Here’s another view, one that’s arguably less flattering to the third baseman/left fielder.
What is going on here? Well, friends, that’s a long story, one involving a missing Zimmermitt, a tumbling teammate, two bats, a ball, a helmet, a ceremonial wash, and many many screenshots.
This happened in the seventh inning, which you might have figured out by that “7” above. There were zero outs (Ibid). Ryan Zimmerman was on second base, although for some reason he had not applied his signature Zimmermitt. Then Wilson Ramos singled. Kilgore:
When Ramos drilled a single to right, third base coach Bobby Henley windmilled Zimmerman home, which may or may not be the only action his right arm is capable of.
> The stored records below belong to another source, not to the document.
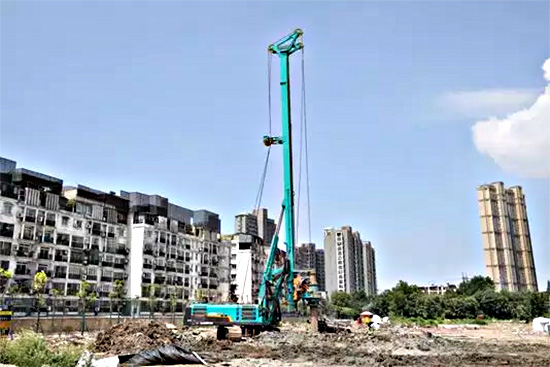 把“伴侣圈”“搬”到现场，交机“玩出”新创意!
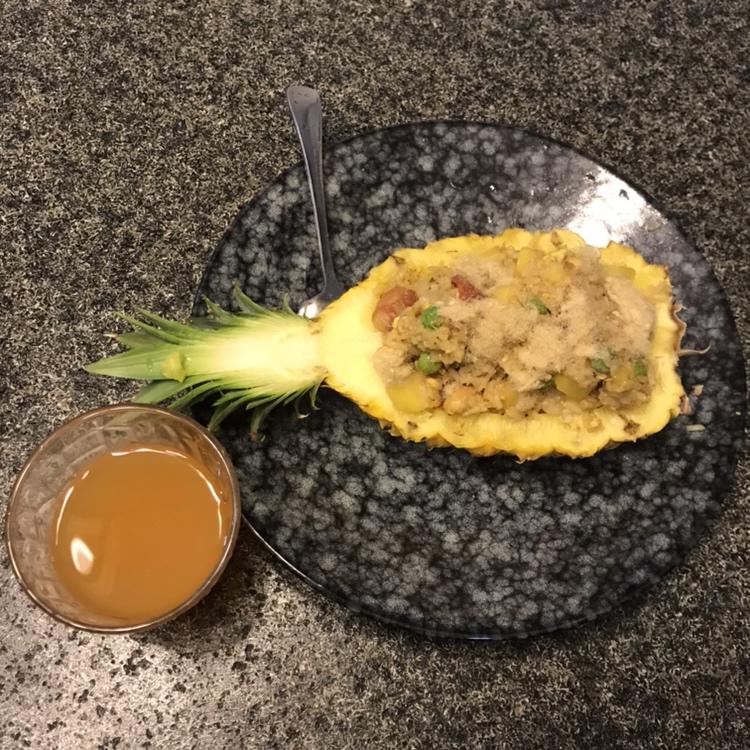 泰式海鲜菠萝饭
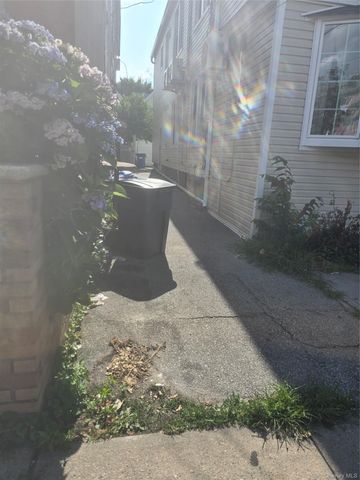 8632 122nd Street, Richmond Hill, NY 11418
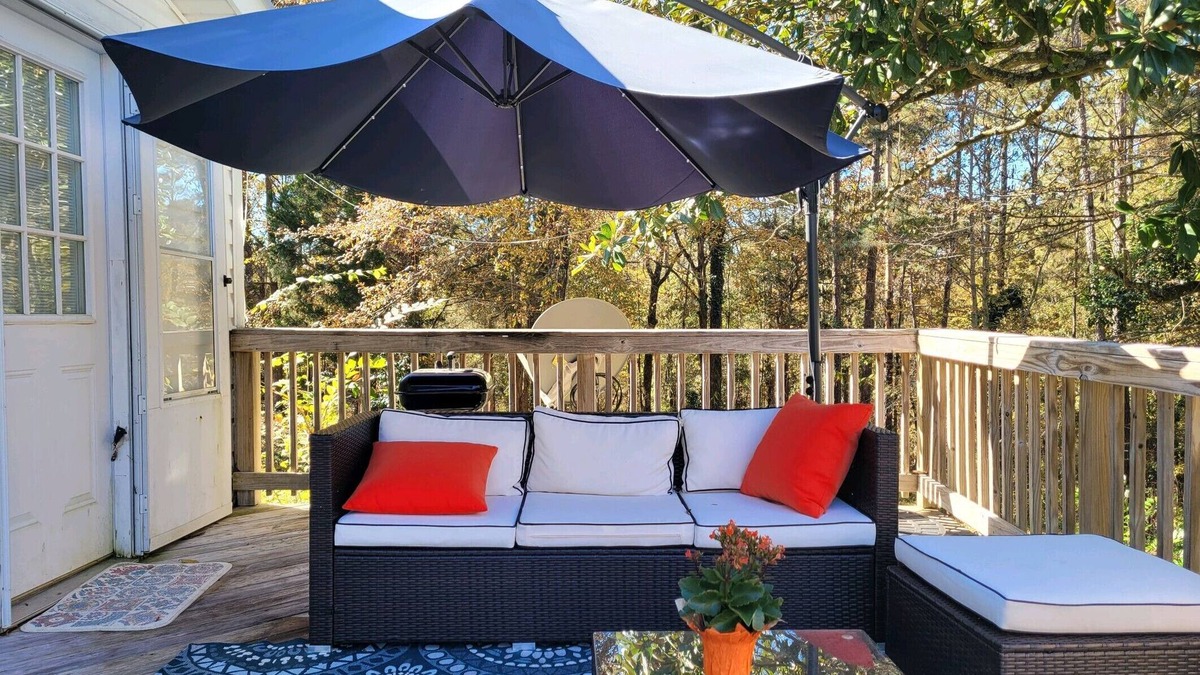 Macon House | A Stone's Throw from Tobesofkee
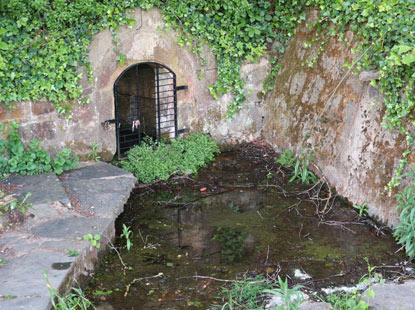 Alemannenweg: Vom Eselsbrunnen wurde bis 1890 das Trinkwasser  mit Eseln nach Lichtenberg transportiert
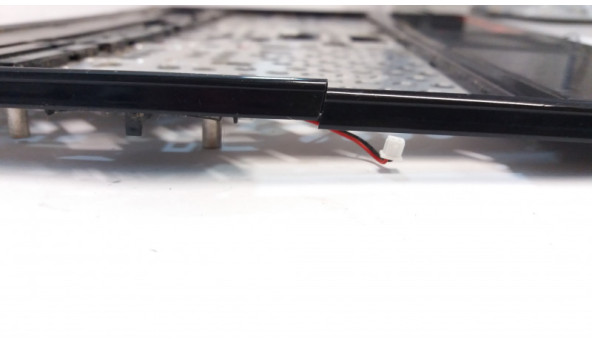 Середня частина для ноутбука MSI GX600, MS-163A, 307-633c52c-h7, Б/В. Трішина в районі батареї та зліва (фото) - 311790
Zimmerman tumbled to the dish as catcher Wilin Rosario muffed the tag.
“Tumbled” is one word for what Zimmerman did. Other words: dove, plunged, crashed, lunged, pounced, leaped, made like a toddler toppling down one of those moon bounce slide things.
He touched the plate, in an explosion of helmet, ball, tag and bat.
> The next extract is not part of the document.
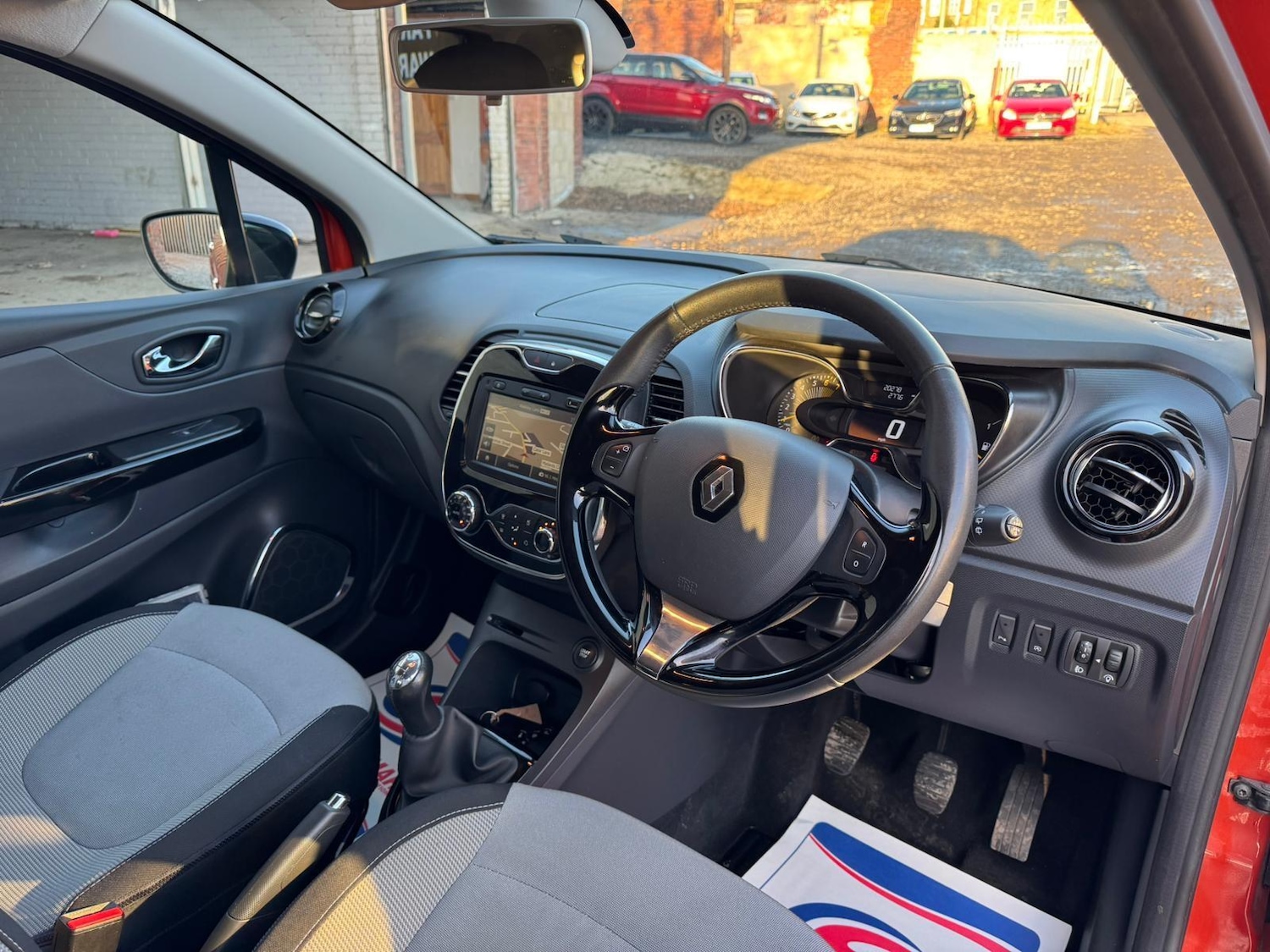 Used Renault Captur 2014 for sale - 77131063: Photo 11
What happened next had all the grace of garbage can being thrown off the side of the Aggro Crag.
“It felt like I fell off a motorcycle,” Zimmerman said.
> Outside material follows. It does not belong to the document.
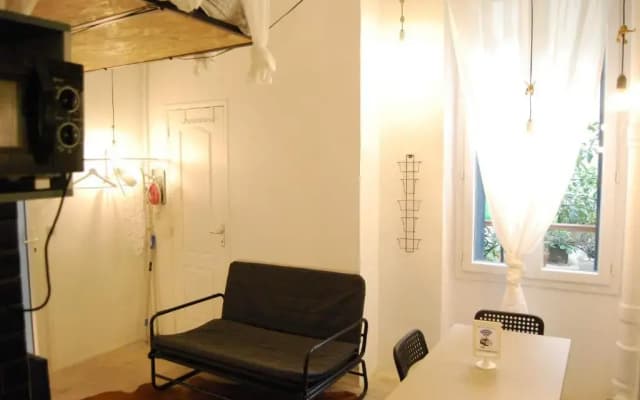 Arty 20m² district of BATIGNOLLES - photo 2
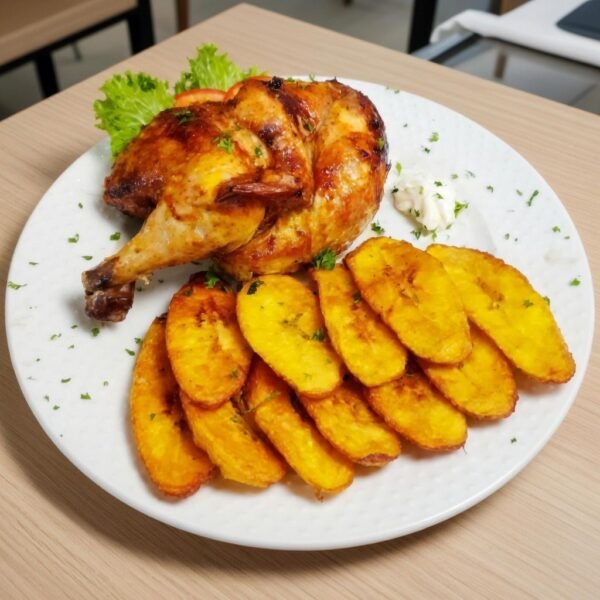 Medio pollo con plátano frito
To skip ahead a bit, he was ruled safe. “After all those replays, how about the slide?” F.P. Santangelo eventually said. “My goodness, what a great slide by Ryan Zimmerman.”
But before that, the slide had transformed into a floor routine, and so Zimmerman rolled. And kept rolling. Golf balls on the greens at Bethpage Black don’t roll like this.
And so the slide turned into something resembling a game of bowling. Zimmerman was the bowling ball. Danny Espinosa was the pesky 7 pin, armed only with one flailing palm, a feather waved in front of the roaring 16-pound sphere of urethane.
Zimmerman picked up the spare. Pretty comfortably, really.
Good-bye, Espinosa’s body. We enjoyed having you as part of this entry. Now you are gone.
“Watch him hit Espinosa,” F.P. Santangelo said, as replays showed the collision, each one as entertaining as the last. “Just tumbling into Danny Espinosa,” Santangelo continued. “That play was awkward in every way.”
By the way, have you thought at all how much easier this post would have been had Washington Post lawyers not decided that we can’t use Vines and Gifs to illustrate entertaining sporting sequences? If you’d like, you can print out all of these screengrabs and make your own flip book. It’s a new-wave Gif. Get ahead of the curve. Everyone will be doing it soon.
So anyhow, the pitcher tagged Zimmerman again, just in case. I know that look. It’s the look you give the woman at the lost-and-found counter, when you’ve gone back for the fifth time to ask about your missing laptop, the one with priceless notes that can’t possibly be replaced, and you ask if they’ve maybe found it, even though you surely realize that it’s long gone, and that the woman will inevitably shrug her shoulders and grimace and maybe make the safe sign once again, if a bit apologetically this time.
The runner remained safe.
Then Zimmerman stuck out his tongue, expunging dirt and grime and the previous few moments of delicious anarchy.
And then he washed that collective muck off his body, using a paper cup.